Tuesday, 17 July 2018

Continuity Brexit Waistcoat


Do you think men's clothing emporia up and down the country have been left with lots of waistcoats that will now remain unsold?

Spotted a continuity error on Poldark on Sunday. One scene showed poppies waving in the wind, meaning it could only have been June or early July. The scene then cut to an image of a character pulling an apple from a tree and eating it - which could only mean somewhere between August (the earliest maturing varieties) to October.
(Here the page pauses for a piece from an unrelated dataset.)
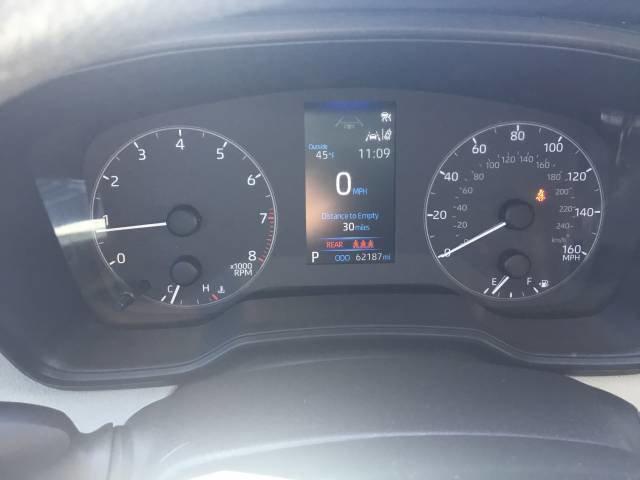 Used 2025 Toyota Corolla LE FWD image 14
Heard Sir Bernard Jenkin on Radio 4 yesterday morning saying, in reference to the Brexit customs issue, that many countries trade across borders quite adequately, an argument that is intellectually bereft when one considers those countries are not currently in the EU, nor have ever been so. The unspoken corollary is that they never had the benefits of frictionless borders. It's like saying some people never inherit anything from their parents and do OK - yes, but those that inherit do much better, like paying off their mortgages a lot earlier.
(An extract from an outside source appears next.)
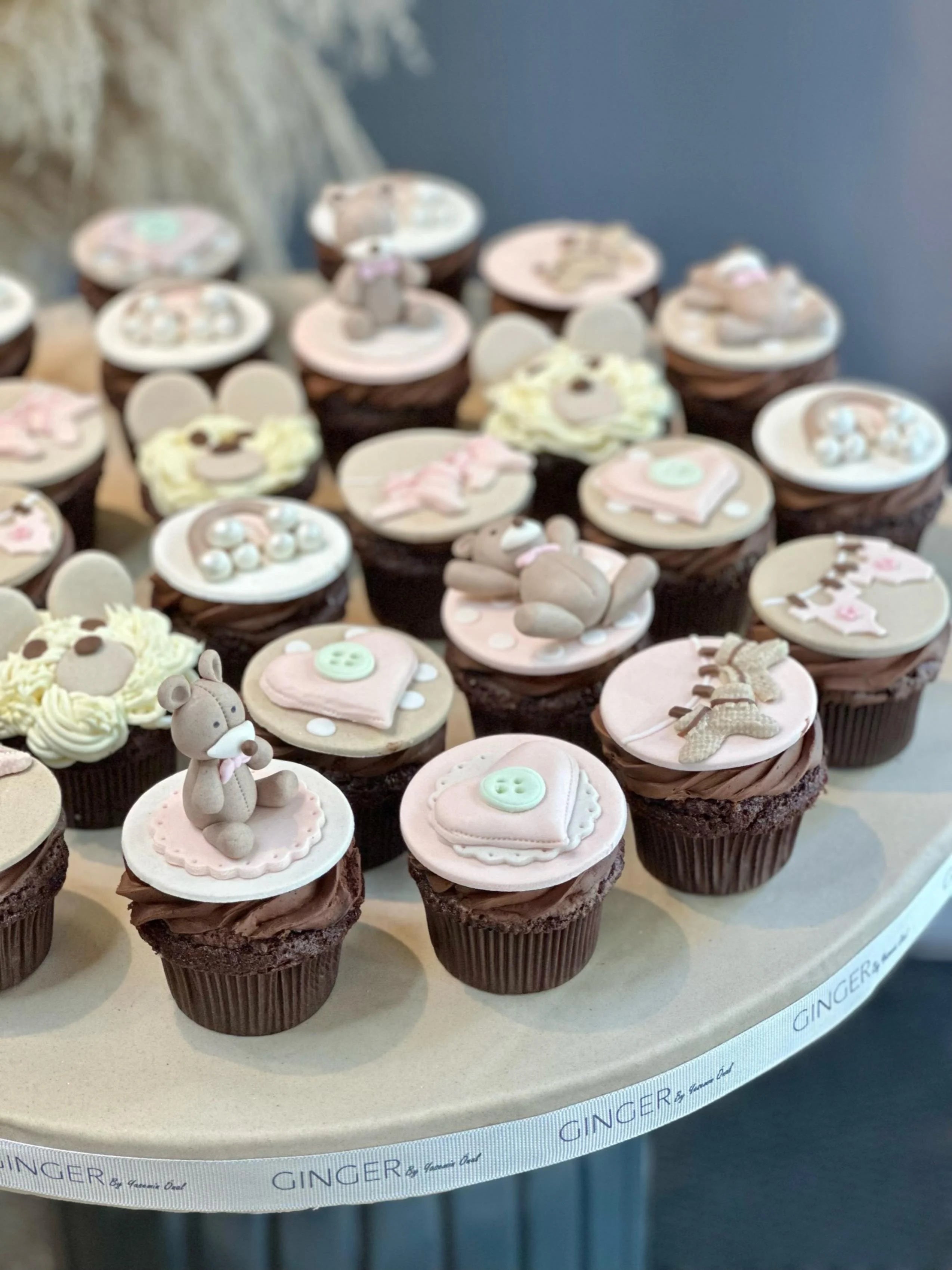 Kız Bebek Temalı Cupcake Aranjmanı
Here's an interesting thought - if Scotland seceded from the UK and remained in the EU there would have to be border controls and customs checks. Would that impede and add cost to trade between England and Scotland? Of course it would. If Scotland seceded from the UK but didn't stay in the EU, would England and Scotland initiate a customs union? Almost certainly.

The levels of deceit prominent Brexiteers within government will go to to persuade people that Brexit is a good idea is mind-boggling. They make totally fatuous, not to say fallacious analogies and then generalise them - like Rees-Mogg and his feigned concern for 3rd World farmers. The fact is that the world’s 49 poorest countries can export tariff free to the EU as part of the “anything but arms” initiative, but JRM, for reasons best known to himself, won't tell you that. The only concern JRM has is for making money through speculation. Jenkin was a bloody expenses fiddler too.

We were watching Simon Reeve's programme on TV on Sunday about his travels across Russia, a country that's very rich, but where most of the people are poor. Putin engages in building projects that are totally unnecessary, ensuring the contracts go to his cronies and, of course, he gets a kick-back. I fear Britain is heading the same way under the Brexit Ultras - Brexit will benefit the few, not the many. Speculators and those in government with their hands on the levers of influence and patronage will do very well, thank you - not that this is any change from the current situation. Many go into politics with public service uppermost in their minds, but a number go into it to make money through influence, both during their tenure and after, with lucrative board positions.